Exercise brief:
When you reach the line with "WTHT New Fashion", transcribe it and each line after it through the last one below, exactly. Pictures stay out.

Image-caption web data:
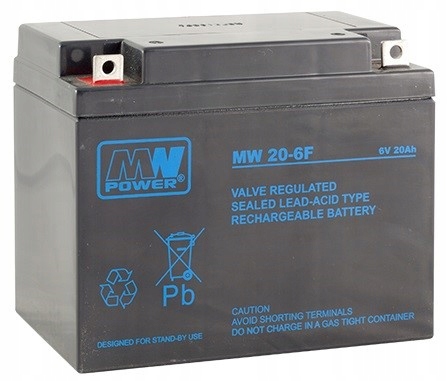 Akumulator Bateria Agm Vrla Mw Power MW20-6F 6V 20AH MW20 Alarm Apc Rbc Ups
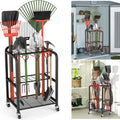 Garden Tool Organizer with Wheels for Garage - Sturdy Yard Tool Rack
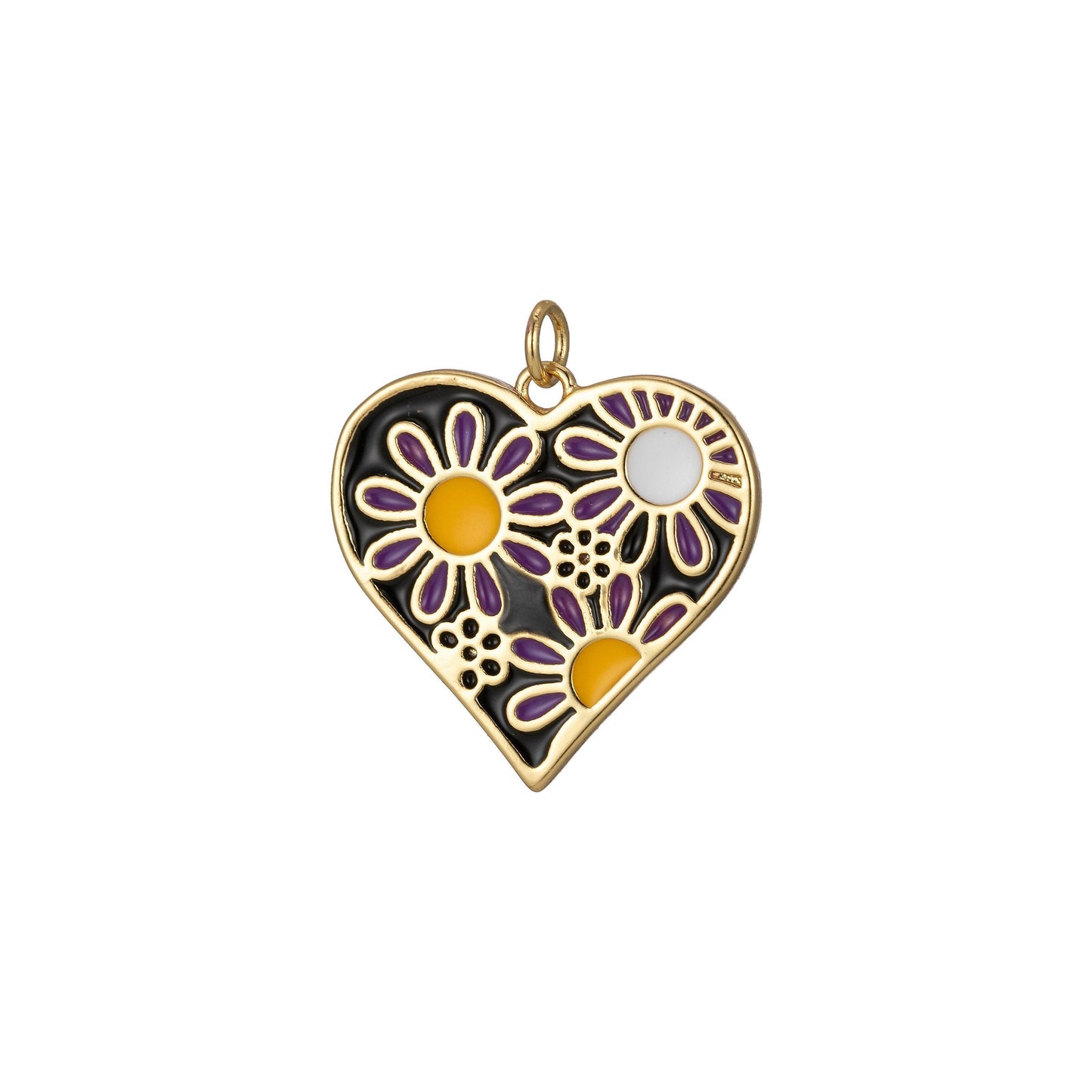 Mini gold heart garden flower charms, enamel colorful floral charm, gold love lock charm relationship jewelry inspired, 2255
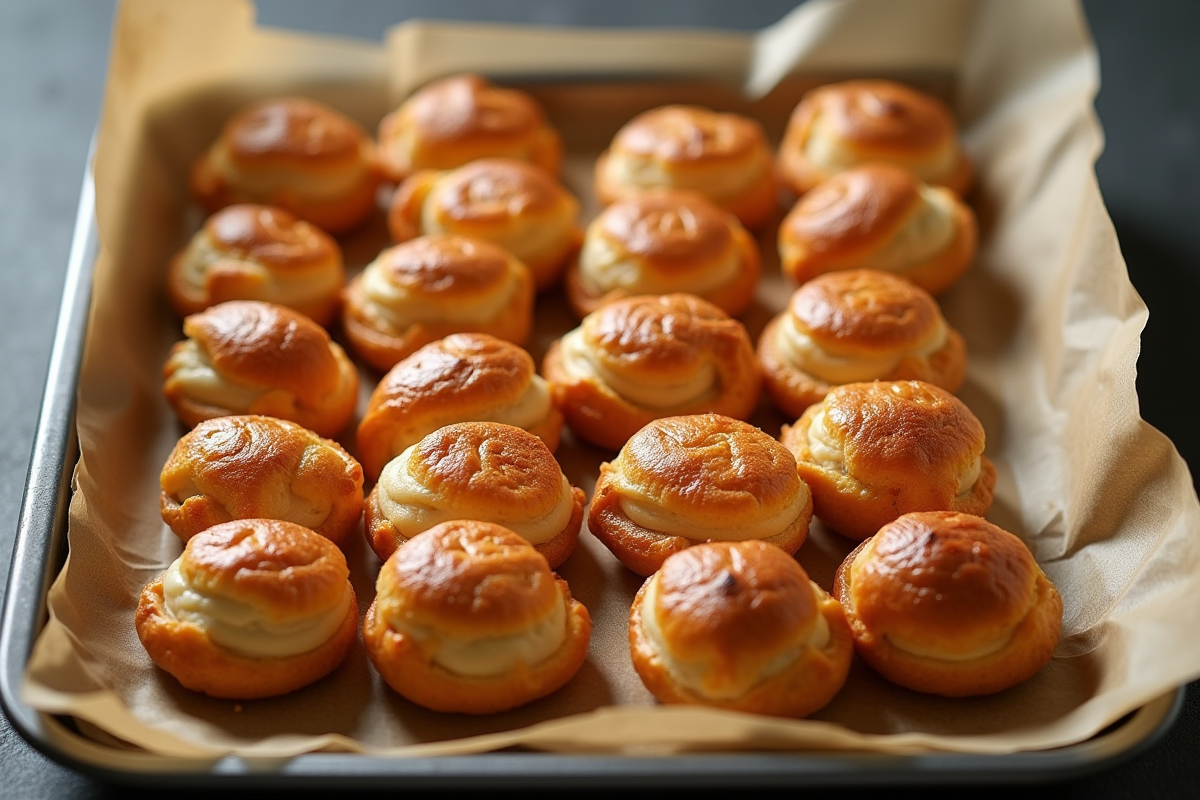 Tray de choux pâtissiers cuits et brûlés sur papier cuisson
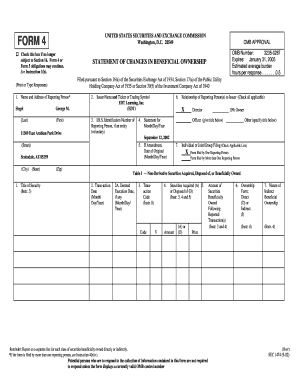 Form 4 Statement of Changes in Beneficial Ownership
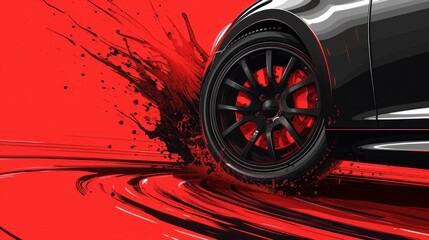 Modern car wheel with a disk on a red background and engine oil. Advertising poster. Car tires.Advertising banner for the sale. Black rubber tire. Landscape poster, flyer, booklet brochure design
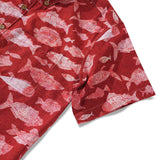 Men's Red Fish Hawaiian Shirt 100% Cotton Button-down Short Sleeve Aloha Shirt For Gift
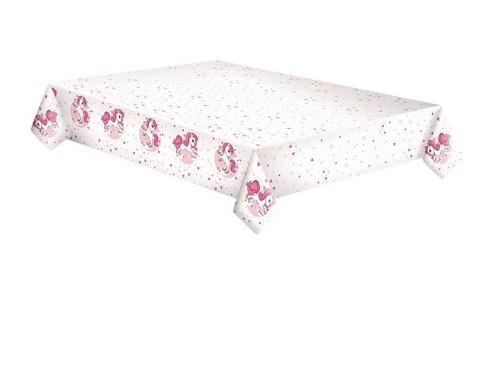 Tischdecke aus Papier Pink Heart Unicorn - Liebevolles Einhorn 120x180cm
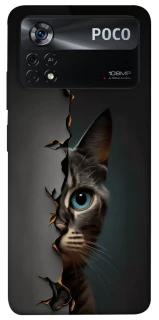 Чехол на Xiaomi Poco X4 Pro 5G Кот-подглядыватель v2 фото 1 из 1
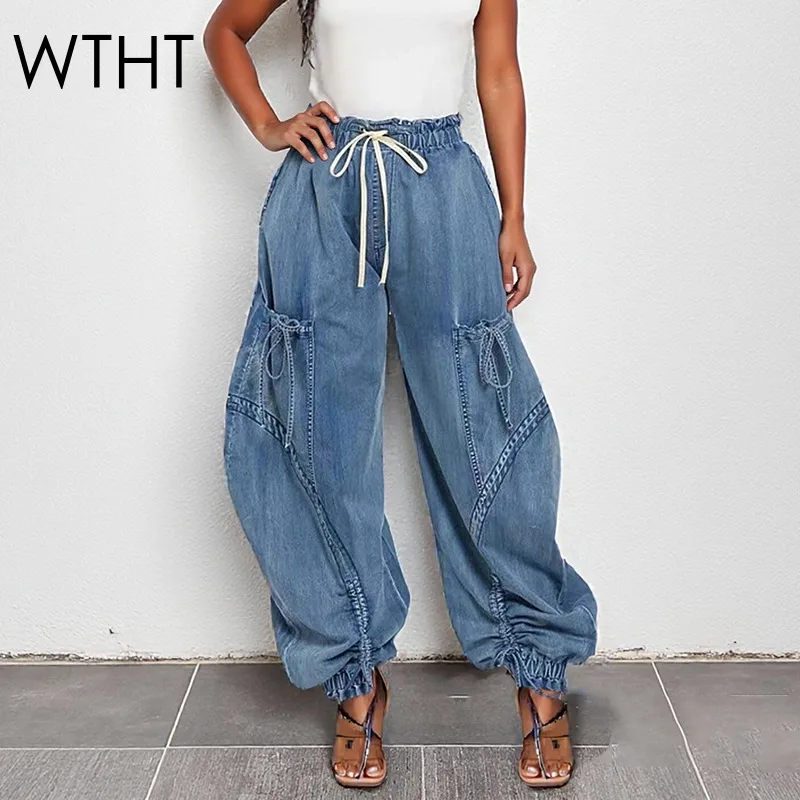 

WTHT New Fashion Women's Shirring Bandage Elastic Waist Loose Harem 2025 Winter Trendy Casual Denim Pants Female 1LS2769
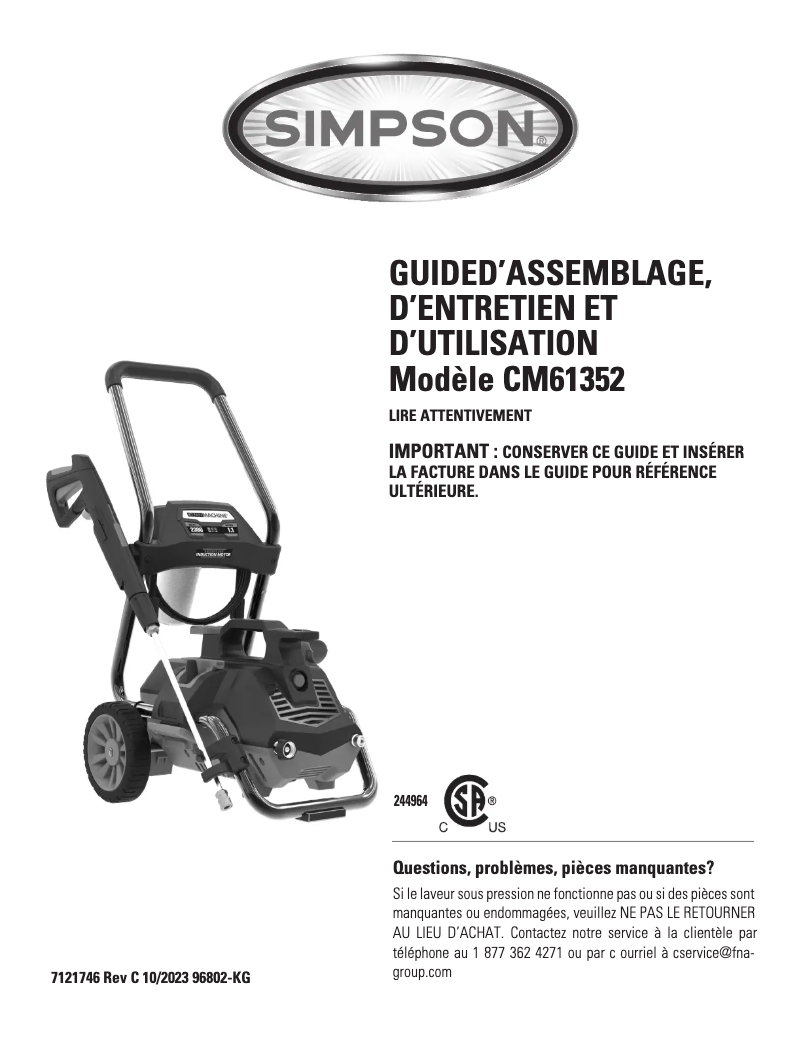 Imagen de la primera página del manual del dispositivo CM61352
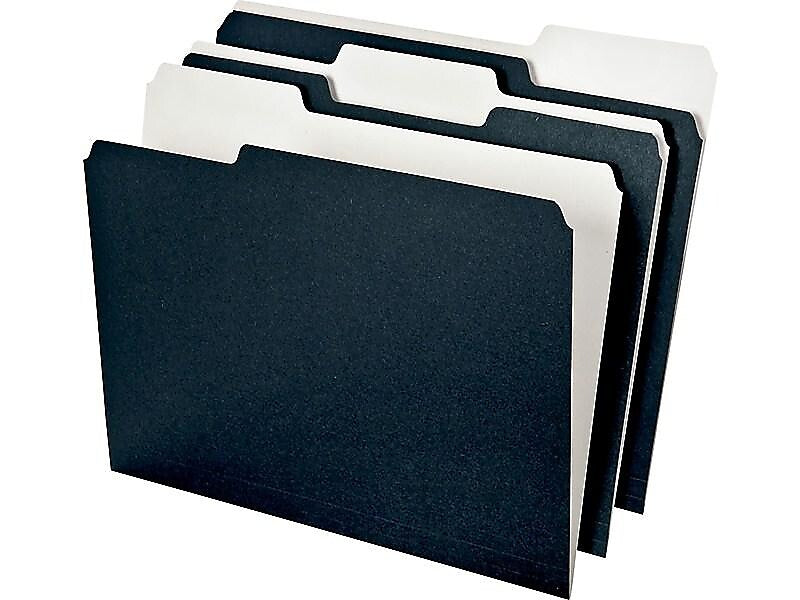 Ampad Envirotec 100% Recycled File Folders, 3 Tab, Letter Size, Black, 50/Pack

Written answer:
WTHT New Fashion Women's Shirring Bandage Elastic Waist Loose Harem 2025 Winter Trendy Casual Denim Pants Female 1LS2769
 Imagen de la primera página del manual del dispositivo CM61352
 Ampad Envirotec 100% Recycled File Folders, 3 Tab, Letter Size, Black, 50/Pack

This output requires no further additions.